▸ **EXERCISE REQUIREMENTS**
Skip pictures in the listing below; copy exactly the lines from the one with "Furby Baby 1999" through the one with "Red Wing Weekender", inclusive.

▸ **PROVIDED RECORDS**
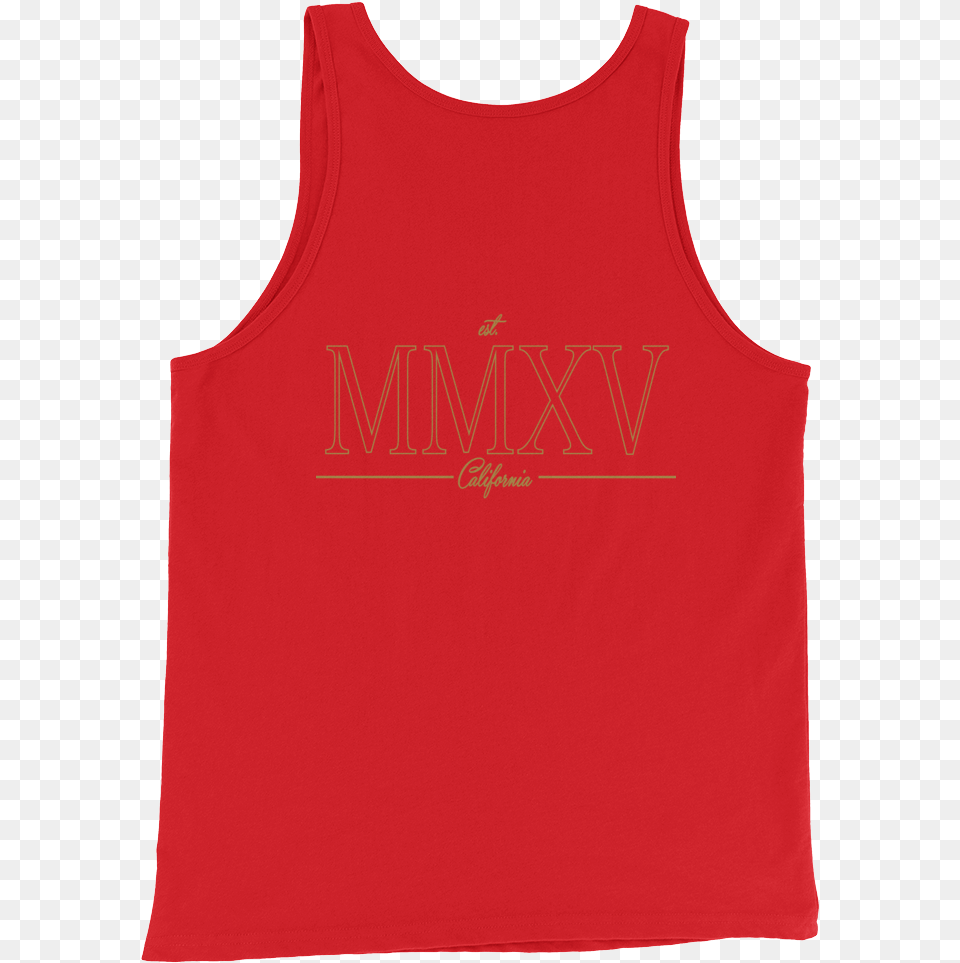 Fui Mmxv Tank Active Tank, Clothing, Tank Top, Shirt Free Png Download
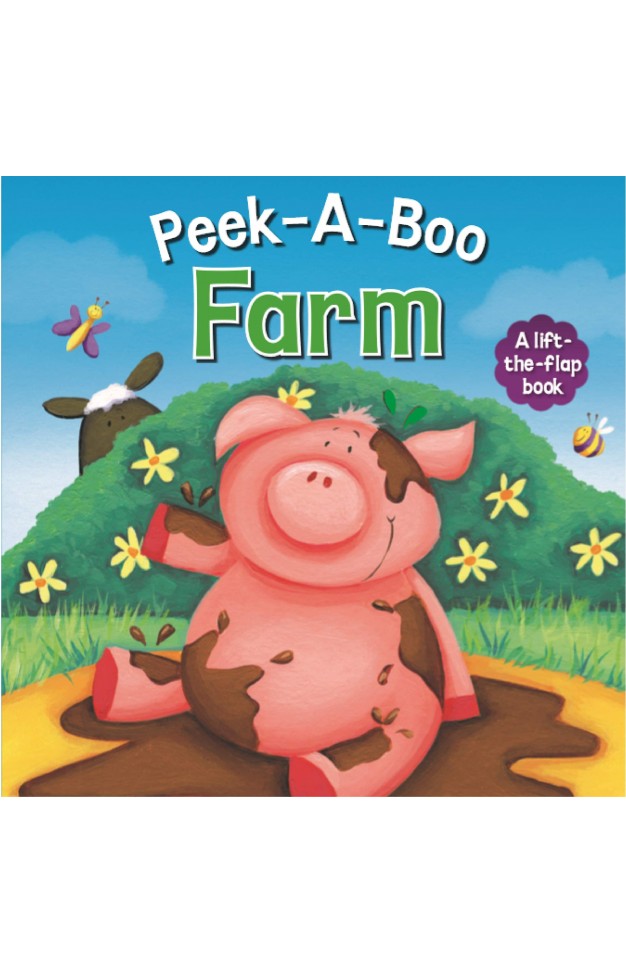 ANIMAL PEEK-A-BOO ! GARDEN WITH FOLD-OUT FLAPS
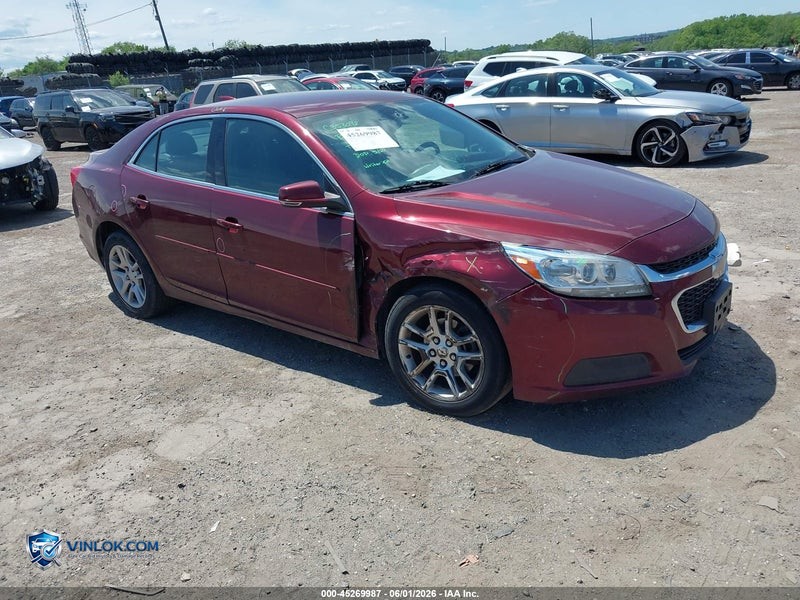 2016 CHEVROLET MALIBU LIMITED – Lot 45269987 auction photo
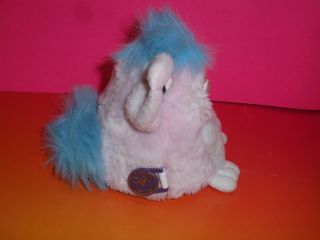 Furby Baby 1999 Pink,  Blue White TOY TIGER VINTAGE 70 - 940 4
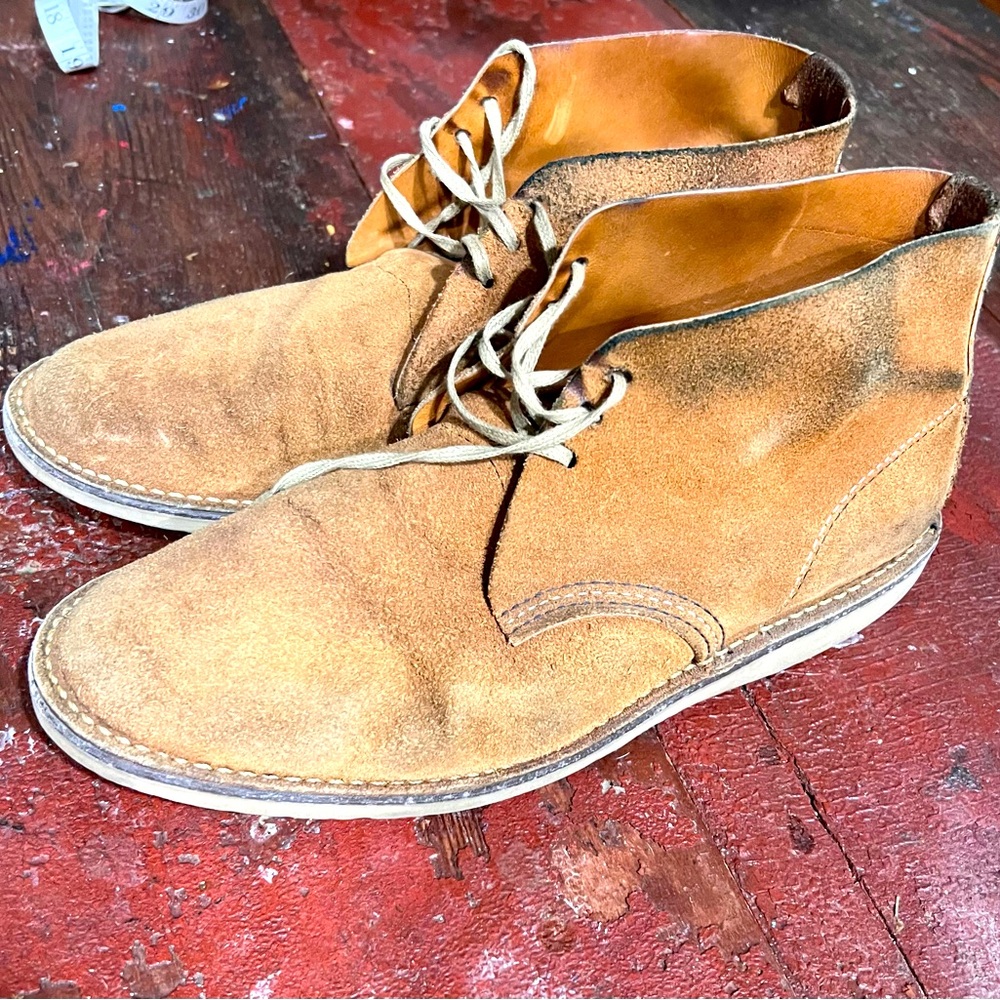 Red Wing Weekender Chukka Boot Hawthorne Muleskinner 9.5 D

--

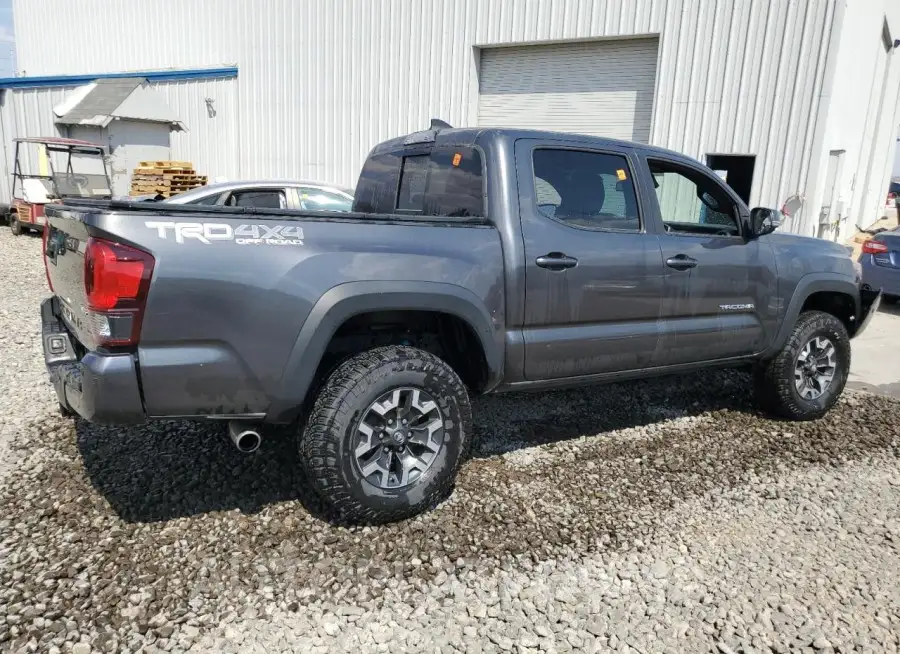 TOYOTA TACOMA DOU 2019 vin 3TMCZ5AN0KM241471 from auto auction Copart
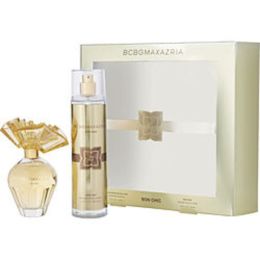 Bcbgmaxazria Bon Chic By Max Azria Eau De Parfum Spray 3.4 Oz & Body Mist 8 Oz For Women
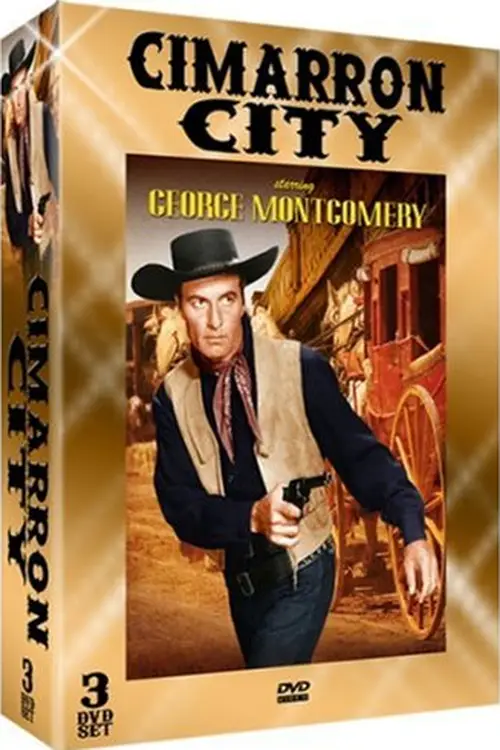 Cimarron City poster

▸ **RESULT OF THIS EXERCISE**
 Furby Baby 1999 Pink,  Blue White TOY TIGER VINTAGE 70 - 940 4
 Red Wing Weekender Chukka Boot Hawthorne Muleskinner 9.5 D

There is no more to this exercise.